**TASK ITEM:**
For the records below, copy exactly the span that begins at the line containing "Xiaomi Redmi Note" and stops after the line containing "Chunky Bubblegum Beads", minus any pictures.

Saved entries:

- - - -

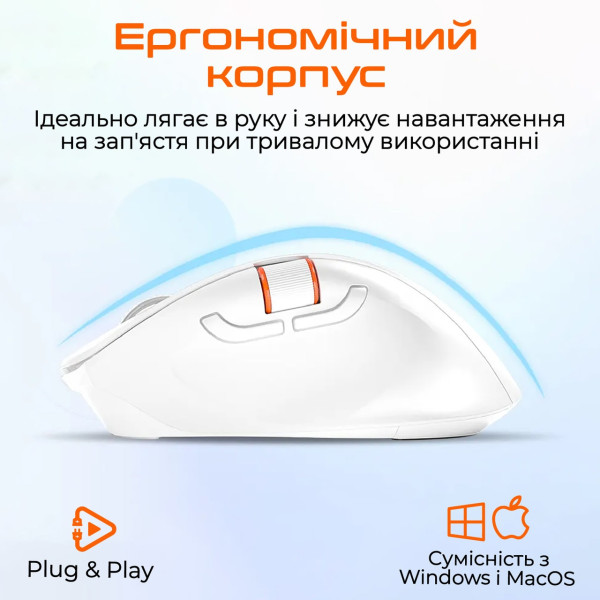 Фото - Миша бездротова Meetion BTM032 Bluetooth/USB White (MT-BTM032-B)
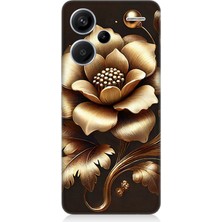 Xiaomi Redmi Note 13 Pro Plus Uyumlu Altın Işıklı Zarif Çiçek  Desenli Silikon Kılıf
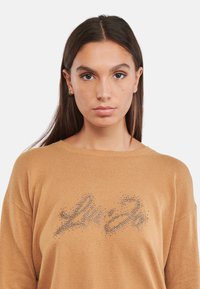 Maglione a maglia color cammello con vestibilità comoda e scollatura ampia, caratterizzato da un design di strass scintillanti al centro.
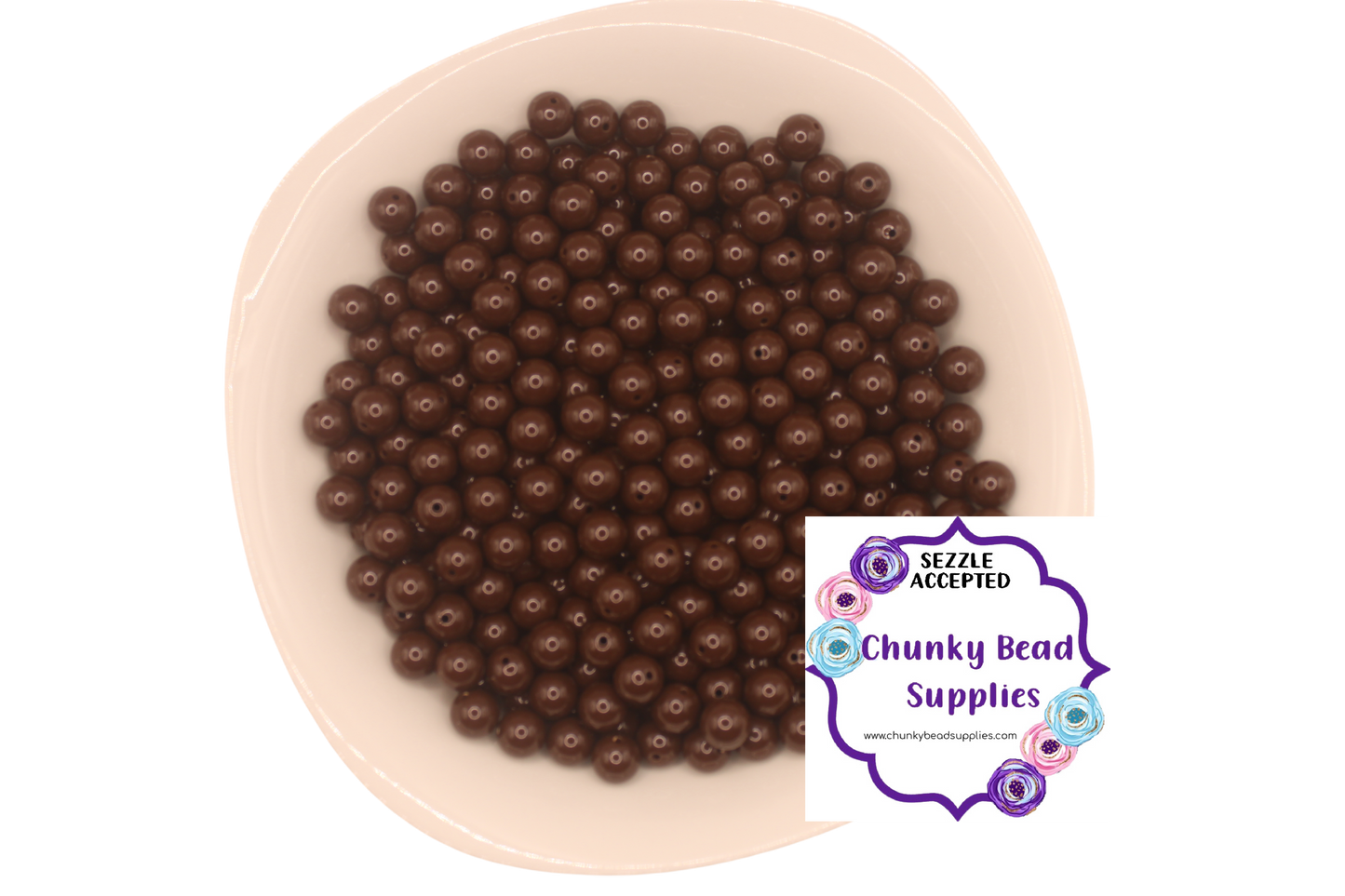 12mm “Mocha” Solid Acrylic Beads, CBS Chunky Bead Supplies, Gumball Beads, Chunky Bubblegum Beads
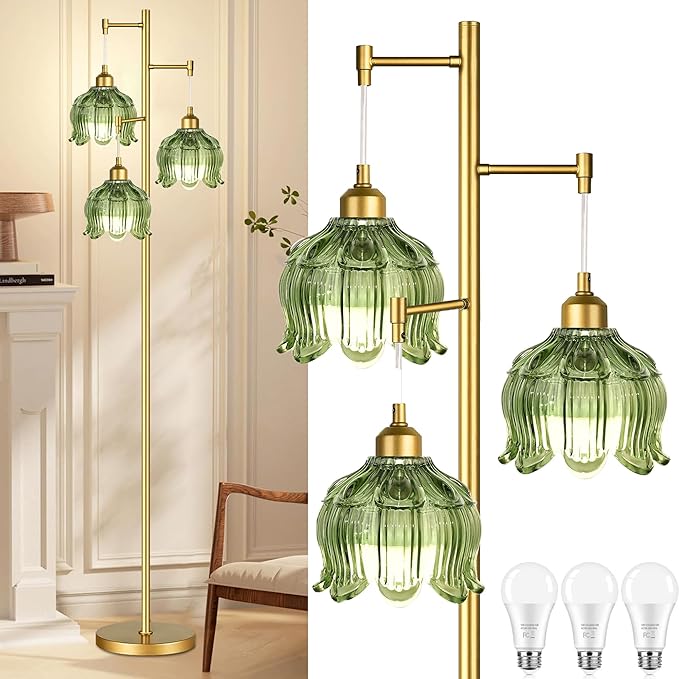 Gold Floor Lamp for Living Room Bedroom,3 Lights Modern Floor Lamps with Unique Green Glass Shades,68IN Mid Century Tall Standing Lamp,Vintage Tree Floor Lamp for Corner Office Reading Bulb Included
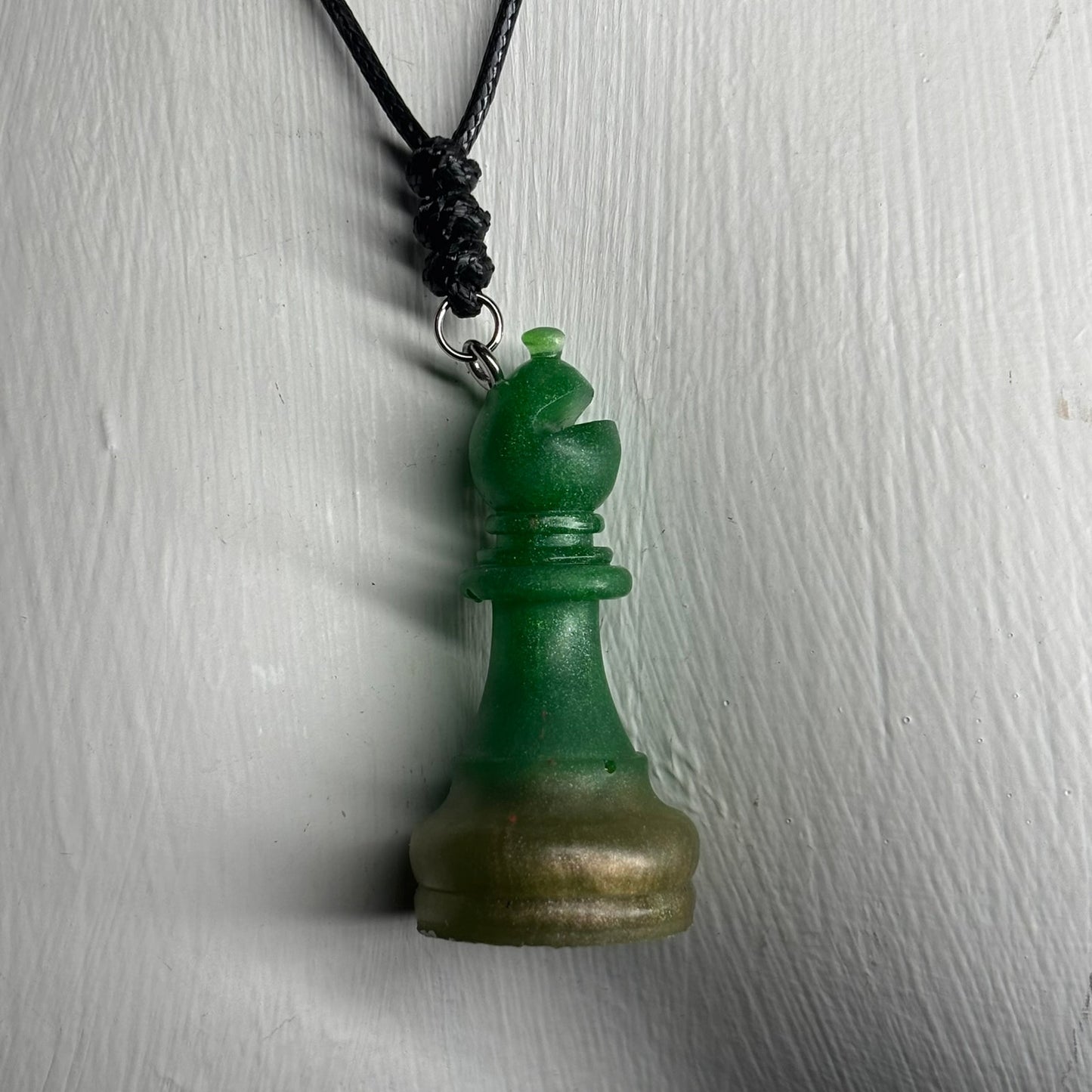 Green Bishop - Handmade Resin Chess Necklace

- - - -

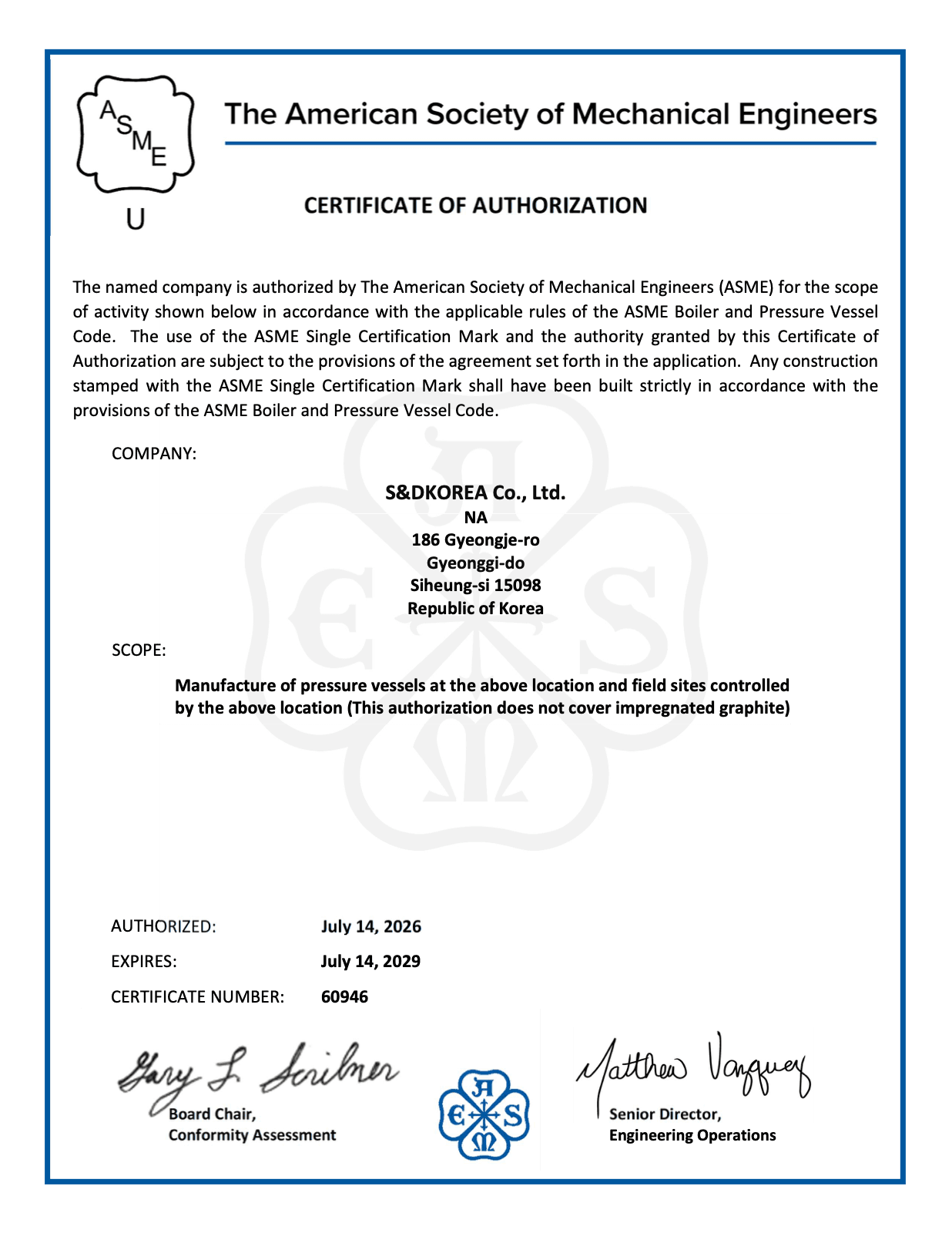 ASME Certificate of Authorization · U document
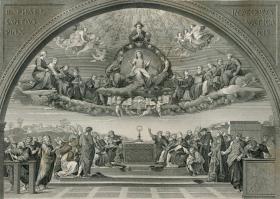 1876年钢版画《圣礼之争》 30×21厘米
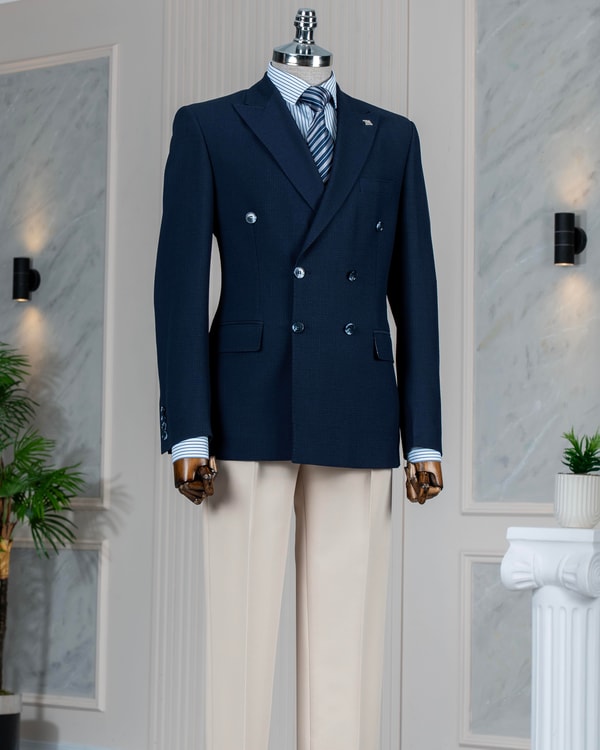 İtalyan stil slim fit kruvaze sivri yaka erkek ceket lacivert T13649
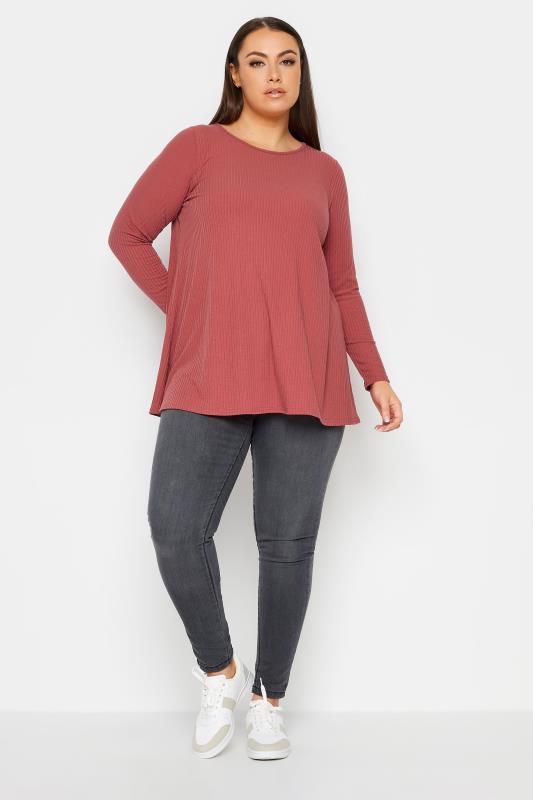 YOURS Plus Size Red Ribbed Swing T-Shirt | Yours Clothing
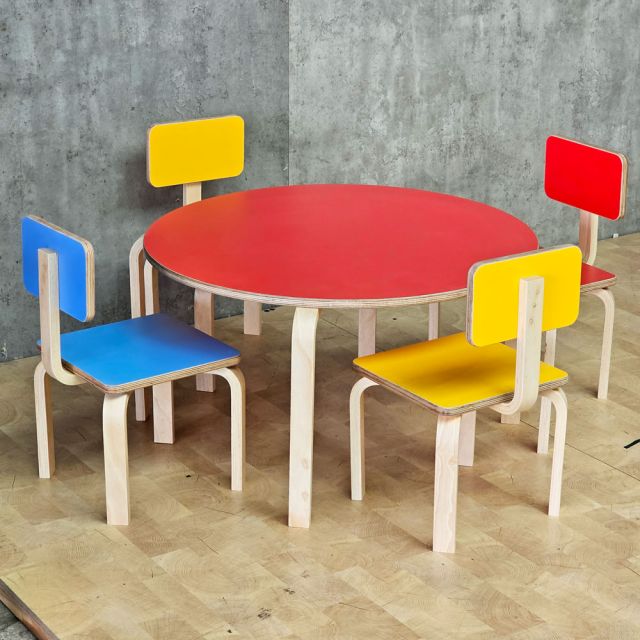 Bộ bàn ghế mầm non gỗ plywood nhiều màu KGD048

- - - -

**OUTPUT FOR THIS TASK:**
 Xiaomi Redmi Note 13 Pro Plus Uyumlu Altın Işıklı Zarif Çiçek  Desenli Silikon Kılıf
 Maglione a maglia color cammello con vestibilità comoda e scollatura ampia, caratterizzato da un design di strass scintillanti al centro.
 12mm “Mocha” Solid Acrylic Beads, CBS Chunky Bead Supplies, Gumball Beads, Chunky Bubblegum Beads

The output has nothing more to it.